Topical treatment pyogenic granulomas!

Topical treatment of pyogenic granulomas in a pediatric population: A single-institution retrospective review

Key words

To the Editor: Pyogenic granulomas (PG) are common benign vascular proliferations of the skin and mucous membranes. Because of their propensity to grow and bleed, surgical management is favored, but it can be costly, traumatic, result in scarring, or require an in-office or operative suite setting. Noninvasive treatment modalities include topical beta-blockers, imiquimod, and corticosteroids. By promoting vasoconstriction and downregulating proangiogenic factors such as vascular endothelial growth factor A, matrix metalloproteinase 1, and interleukin 6, topical corticosteroids potentially target several key pathways implicated in the PG pathogenesis.,Here, we expand the limited data supporting the use and efficacy of high potency topical corticosteroids for the treatment of PG and analyze the use of topical and procedural interventions.

Following IRB approval, data were collected retrospectively using the International Statistical Classification of Diseases, Tenth Revision code L98.0 for patients diagnosed with PG at the Boston Children's Hospital from January 1, 2019, to September 13, 2021. Cases with incongruent biopsy results or without follow-up were excluded.
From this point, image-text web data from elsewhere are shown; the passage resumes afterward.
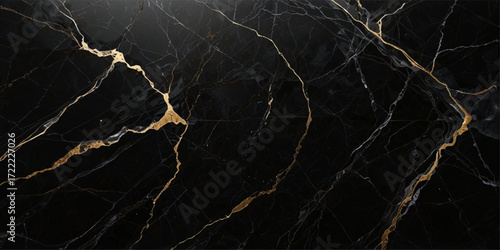 Panoramic black and white stone marble texture background. Black marble texture for skin tile wallpaper luxurious background. Black and white wave line floor ceramic counter texture stone tile.	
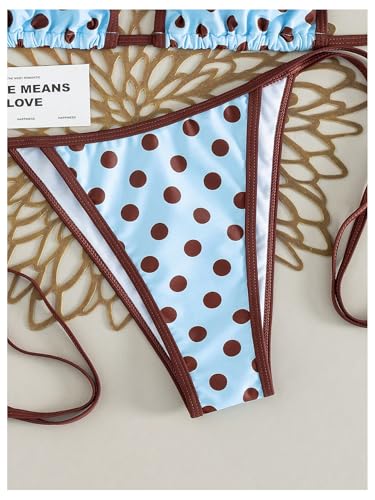 Image of WDIRARA Women's Polka Dots 2 Piece Swimsuit Halter Triangle String Bikini Set Tie Side Bathing Suit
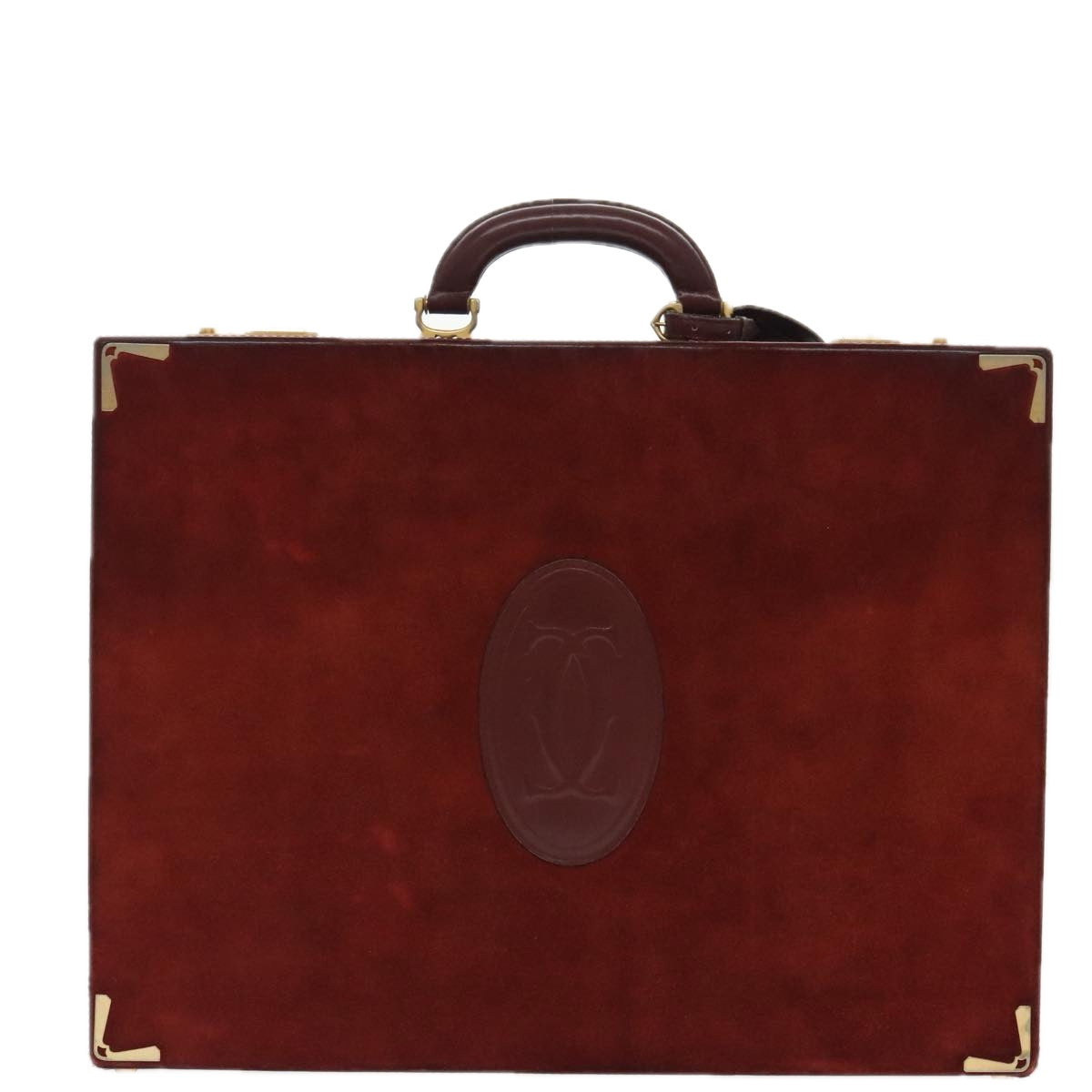 CARTIER Attache Case Suede Leather Bordeaux Gold Auth 94309 - 0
Data including demographics, treatment, complications, clinical characteristics, and outcomes were recorded. Statistical analyses were completed using STATA. Statistical significance was set to P < .05.

Ninety-eight patients were included (mean age, 9.8 years; range, 0.5-22 years) (Table I). Sixty-three patients were managed surgically; 50 with in-office shave removal plus electrocautery and 13 with excision. Regrowth occurred after shave removal in 4 patients and 1 patient on filgrastim (with >50 eruptive PG) after excision (Table II). Surgical site infection occurred in 1 patient; 4 patients followed up with concerns about their scar after the procedure.
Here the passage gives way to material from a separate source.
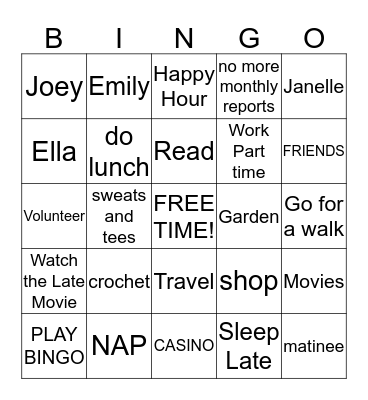 HAPPY RETIREMENT JOAN! Bingo Card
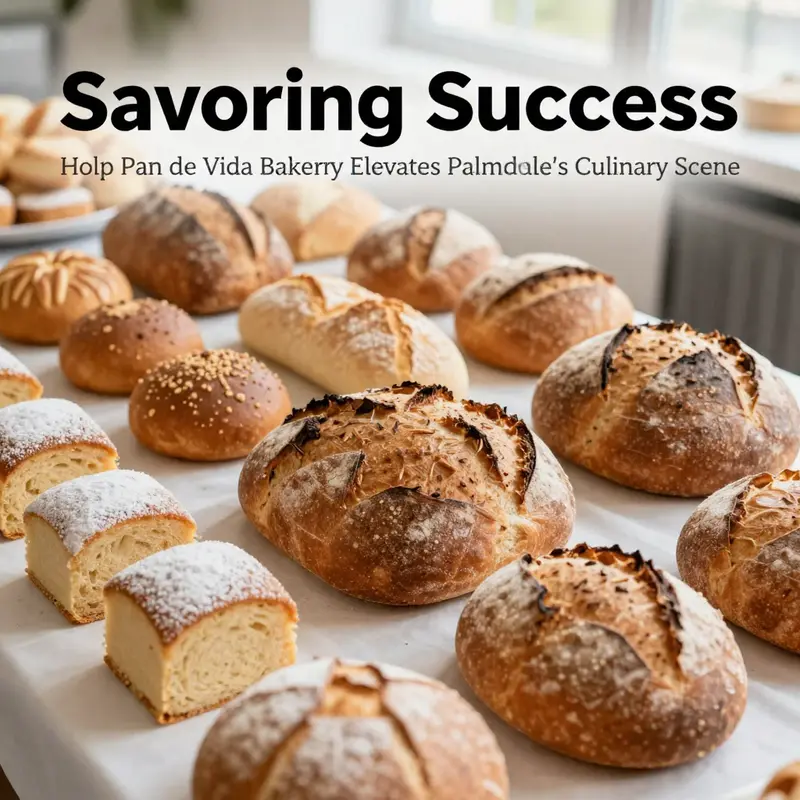 A lively depiction of Pan de Vida Bakery, highlighting its diverse range of pastries and sweets.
Table IPatient demographics and pyogenic granuloma characteristics

PG, Pyogenic granuloma.

∗ Two-sided t test was performed for continuous variables and χ2 test for categorical variables. Significance was set at P < .05.

† Intrinsic or secondary to systemic medical therapy.

‡ N = 79.

§ For patients with >1 lesion, each area of involvement was counted individually.

Table IIPatient demographics, pyogenic granuloma characteristics, and clinical outcomes by treatment modality

PG, Pyogenic granuloma.

∗ Treated with both modalities either simultaneously or sequentially.

Thirty-five patients were treated noninvasively; 31 on initial presentation and 4 after initial procedural intervention. Patients who were managed topically were younger (P = .013), and their PG size was smaller (P = .006) (Table II). Fourteen patients received a class I topical corticosteroid (clobetasol [86%], halobetasol [7%], and betamethasone [7%]) alone, applied twice daily under occlusion for a median of 5 weeks (range, 5 days-2 years). Sixteen patients received topical timolol (0.5% ophthalmic gel-forming solution) alone for a median of 6 weeks (range, 8 days-1.6 years). Partial or complete resolution with topical timolol or topical corticosteroid was 50%. Patients managed with topical corticosteroid versus topical timolol underwent subsequent excision in 43% and 56% of cases, respectively (P = .464). Five patients were treated with both topical modalities (Table II). Lesions ≤4 mm responded favorably to the topical therapy. No adverse effects of topical therapy were reported.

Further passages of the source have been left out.